[Dataset excerpts]
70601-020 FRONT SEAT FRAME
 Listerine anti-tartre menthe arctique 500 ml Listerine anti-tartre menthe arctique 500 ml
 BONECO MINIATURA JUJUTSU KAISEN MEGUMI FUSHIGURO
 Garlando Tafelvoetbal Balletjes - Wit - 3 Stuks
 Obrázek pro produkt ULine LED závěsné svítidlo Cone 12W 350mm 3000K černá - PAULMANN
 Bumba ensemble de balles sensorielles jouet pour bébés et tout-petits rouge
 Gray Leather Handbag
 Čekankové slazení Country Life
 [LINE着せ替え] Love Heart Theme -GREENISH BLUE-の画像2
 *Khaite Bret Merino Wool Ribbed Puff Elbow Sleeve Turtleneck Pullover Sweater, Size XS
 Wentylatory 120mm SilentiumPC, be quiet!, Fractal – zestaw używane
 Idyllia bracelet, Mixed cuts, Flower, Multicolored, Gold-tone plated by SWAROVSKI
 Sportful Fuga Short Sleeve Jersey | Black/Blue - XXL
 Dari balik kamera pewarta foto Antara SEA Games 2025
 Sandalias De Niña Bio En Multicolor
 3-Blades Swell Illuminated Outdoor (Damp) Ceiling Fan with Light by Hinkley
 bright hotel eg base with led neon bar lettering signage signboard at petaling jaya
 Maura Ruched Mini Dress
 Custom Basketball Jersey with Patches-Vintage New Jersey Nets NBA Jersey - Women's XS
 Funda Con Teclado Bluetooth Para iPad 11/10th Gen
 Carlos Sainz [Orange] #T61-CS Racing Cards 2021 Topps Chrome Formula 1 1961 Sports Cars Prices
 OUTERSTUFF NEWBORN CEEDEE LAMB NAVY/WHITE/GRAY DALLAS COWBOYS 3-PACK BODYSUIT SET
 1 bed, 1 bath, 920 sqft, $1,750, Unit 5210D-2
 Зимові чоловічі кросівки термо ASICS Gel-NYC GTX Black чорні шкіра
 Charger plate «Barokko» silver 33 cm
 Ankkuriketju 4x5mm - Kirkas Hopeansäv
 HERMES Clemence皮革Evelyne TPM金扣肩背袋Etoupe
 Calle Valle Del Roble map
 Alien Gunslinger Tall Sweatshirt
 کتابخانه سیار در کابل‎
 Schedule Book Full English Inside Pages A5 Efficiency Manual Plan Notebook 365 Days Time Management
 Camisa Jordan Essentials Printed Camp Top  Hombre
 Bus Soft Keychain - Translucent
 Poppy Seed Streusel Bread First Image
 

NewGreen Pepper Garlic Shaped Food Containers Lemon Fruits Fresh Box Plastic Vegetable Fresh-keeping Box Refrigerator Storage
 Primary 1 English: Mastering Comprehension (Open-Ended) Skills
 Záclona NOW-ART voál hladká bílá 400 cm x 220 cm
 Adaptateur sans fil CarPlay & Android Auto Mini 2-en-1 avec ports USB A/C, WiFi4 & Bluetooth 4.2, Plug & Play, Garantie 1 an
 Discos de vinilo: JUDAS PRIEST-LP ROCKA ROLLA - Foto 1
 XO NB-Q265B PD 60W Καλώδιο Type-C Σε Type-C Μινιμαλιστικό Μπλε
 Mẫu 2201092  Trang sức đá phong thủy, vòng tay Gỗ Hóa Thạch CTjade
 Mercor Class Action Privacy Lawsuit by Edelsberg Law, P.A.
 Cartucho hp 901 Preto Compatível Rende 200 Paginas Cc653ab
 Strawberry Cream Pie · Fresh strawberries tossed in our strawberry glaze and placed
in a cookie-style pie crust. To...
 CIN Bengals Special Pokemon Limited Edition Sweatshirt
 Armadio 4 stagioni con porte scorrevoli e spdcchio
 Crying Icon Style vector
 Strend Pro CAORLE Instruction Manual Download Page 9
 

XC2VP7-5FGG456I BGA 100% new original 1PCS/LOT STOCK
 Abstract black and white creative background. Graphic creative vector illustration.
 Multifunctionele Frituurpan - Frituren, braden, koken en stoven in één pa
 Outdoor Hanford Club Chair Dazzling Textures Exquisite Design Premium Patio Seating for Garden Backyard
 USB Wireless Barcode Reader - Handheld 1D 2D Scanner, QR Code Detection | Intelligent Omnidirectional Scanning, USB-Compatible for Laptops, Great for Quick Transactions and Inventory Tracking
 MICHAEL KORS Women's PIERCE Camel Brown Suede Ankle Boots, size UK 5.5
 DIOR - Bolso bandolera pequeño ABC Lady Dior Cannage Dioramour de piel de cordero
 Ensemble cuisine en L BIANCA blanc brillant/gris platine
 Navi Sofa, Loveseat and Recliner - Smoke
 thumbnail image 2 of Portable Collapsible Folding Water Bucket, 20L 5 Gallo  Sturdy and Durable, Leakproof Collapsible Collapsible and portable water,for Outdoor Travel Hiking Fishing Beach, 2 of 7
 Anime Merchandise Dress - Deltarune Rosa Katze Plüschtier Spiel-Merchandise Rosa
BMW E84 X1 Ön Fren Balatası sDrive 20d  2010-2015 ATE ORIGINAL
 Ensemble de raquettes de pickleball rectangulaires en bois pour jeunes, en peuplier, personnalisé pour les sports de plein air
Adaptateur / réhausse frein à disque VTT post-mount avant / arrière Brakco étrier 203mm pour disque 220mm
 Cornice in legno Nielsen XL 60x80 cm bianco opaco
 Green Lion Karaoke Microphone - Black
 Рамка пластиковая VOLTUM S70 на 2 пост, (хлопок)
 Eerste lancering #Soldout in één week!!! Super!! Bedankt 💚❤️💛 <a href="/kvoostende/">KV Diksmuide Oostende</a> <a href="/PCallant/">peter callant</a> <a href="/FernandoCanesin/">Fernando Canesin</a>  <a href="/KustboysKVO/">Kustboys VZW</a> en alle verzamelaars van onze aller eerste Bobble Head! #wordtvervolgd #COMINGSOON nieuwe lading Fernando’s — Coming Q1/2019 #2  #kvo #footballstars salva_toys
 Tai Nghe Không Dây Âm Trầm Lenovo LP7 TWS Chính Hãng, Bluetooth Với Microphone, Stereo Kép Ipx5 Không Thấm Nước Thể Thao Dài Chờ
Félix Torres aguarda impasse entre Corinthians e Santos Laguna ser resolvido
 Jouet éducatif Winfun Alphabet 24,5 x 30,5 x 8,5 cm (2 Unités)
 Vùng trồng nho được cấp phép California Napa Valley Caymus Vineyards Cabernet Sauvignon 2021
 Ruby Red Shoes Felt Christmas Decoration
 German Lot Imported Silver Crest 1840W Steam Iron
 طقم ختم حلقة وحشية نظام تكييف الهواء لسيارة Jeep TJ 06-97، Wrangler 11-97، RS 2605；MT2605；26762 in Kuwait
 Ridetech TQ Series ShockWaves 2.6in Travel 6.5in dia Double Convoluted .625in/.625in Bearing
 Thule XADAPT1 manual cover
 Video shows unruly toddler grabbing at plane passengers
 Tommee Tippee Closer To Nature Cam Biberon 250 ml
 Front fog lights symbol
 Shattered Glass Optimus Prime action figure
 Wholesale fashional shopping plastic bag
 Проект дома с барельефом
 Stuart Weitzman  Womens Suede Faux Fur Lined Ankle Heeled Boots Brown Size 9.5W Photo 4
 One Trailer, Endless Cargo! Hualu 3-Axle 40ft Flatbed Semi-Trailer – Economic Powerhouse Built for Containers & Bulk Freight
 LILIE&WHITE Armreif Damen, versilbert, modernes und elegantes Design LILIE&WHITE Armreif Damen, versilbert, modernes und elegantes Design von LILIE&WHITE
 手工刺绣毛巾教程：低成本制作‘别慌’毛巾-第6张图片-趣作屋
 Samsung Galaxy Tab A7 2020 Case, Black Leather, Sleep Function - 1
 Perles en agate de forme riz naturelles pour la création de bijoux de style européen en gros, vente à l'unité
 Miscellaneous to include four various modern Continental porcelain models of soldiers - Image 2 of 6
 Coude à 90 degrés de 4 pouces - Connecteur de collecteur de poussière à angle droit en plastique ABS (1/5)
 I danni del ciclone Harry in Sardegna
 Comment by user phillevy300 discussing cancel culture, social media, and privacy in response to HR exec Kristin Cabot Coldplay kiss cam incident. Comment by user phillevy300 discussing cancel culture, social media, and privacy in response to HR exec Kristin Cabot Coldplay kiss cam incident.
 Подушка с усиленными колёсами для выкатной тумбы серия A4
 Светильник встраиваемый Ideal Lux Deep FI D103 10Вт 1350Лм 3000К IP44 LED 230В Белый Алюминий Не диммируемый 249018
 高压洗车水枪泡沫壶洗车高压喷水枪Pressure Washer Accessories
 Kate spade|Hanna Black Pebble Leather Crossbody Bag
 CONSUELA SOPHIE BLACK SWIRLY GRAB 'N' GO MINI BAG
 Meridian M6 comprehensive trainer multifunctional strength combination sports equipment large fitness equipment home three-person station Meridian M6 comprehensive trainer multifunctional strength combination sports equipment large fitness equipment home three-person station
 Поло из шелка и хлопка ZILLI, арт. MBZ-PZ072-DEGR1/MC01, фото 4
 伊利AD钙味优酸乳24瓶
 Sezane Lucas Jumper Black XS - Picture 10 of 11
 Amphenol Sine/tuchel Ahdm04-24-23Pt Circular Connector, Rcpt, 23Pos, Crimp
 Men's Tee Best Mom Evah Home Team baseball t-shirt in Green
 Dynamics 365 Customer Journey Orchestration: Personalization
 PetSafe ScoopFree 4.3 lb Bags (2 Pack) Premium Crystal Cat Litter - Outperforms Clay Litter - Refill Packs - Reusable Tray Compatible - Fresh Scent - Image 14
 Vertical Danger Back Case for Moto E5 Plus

• **What this task involves**
Copy every line of the data above, beginning with the first and ending with the line that contains "Poppy Seed Streusel Bread First Image", and give nothing more.

• **Output of the task**
70601-020 FRONT SEAT FRAME
 Listerine anti-tartre menthe arctique 500 ml Listerine anti-tartre menthe arctique 500 ml
 BONECO MINIATURA JUJUTSU KAISEN MEGUMI FUSHIGURO
 Garlando Tafelvoetbal Balletjes - Wit - 3 Stuks
 Obrázek pro produkt ULine LED závěsné svítidlo Cone 12W 350mm 3000K černá - PAULMANN
 Bumba ensemble de balles sensorielles jouet pour bébés et tout-petits rouge
 Gray Leather Handbag
 Čekankové slazení Country Life
 [LINE着せ替え] Love Heart Theme -GREENISH BLUE-の画像2
 *Khaite Bret Merino Wool Ribbed Puff Elbow Sleeve Turtleneck Pullover Sweater, Size XS
 Wentylatory 120mm SilentiumPC, be quiet!, Fractal – zestaw używane
 Idyllia bracelet, Mixed cuts, Flower, Multicolored, Gold-tone plated by SWAROVSKI
 Sportful Fuga Short Sleeve Jersey | Black/Blue - XXL
 Dari balik kamera pewarta foto Antara SEA Games 2025
 Sandalias De Niña Bio En Multicolor
 3-Blades Swell Illuminated Outdoor (Damp) Ceiling Fan with Light by Hinkley
 bright hotel eg base with led neon bar lettering signage signboard at petaling jaya
 Maura Ruched Mini Dress
 Custom Basketball Jersey with Patches-Vintage New Jersey Nets NBA Jersey - Women's XS
 Funda Con Teclado Bluetooth Para iPad 11/10th Gen
 Carlos Sainz [Orange] #T61-CS Racing Cards 2021 Topps Chrome Formula 1 1961 Sports Cars Prices
 OUTERSTUFF NEWBORN CEEDEE LAMB NAVY/WHITE/GRAY DALLAS COWBOYS 3-PACK BODYSUIT SET
 1 bed, 1 bath, 920 sqft, $1,750, Unit 5210D-2
 Зимові чоловічі кросівки термо ASICS Gel-NYC GTX Black чорні шкіра
 Charger plate «Barokko» silver 33 cm
 Ankkuriketju 4x5mm - Kirkas Hopeansäv
 HERMES Clemence皮革Evelyne TPM金扣肩背袋Etoupe
 Calle Valle Del Roble map
 Alien Gunslinger Tall Sweatshirt
 کتابخانه سیار در کابل‎
 Schedule Book Full English Inside Pages A5 Efficiency Manual Plan Notebook 365 Days Time Management
 Camisa Jordan Essentials Printed Camp Top  Hombre
 Bus Soft Keychain - Translucent
 Poppy Seed Streusel Bread First Image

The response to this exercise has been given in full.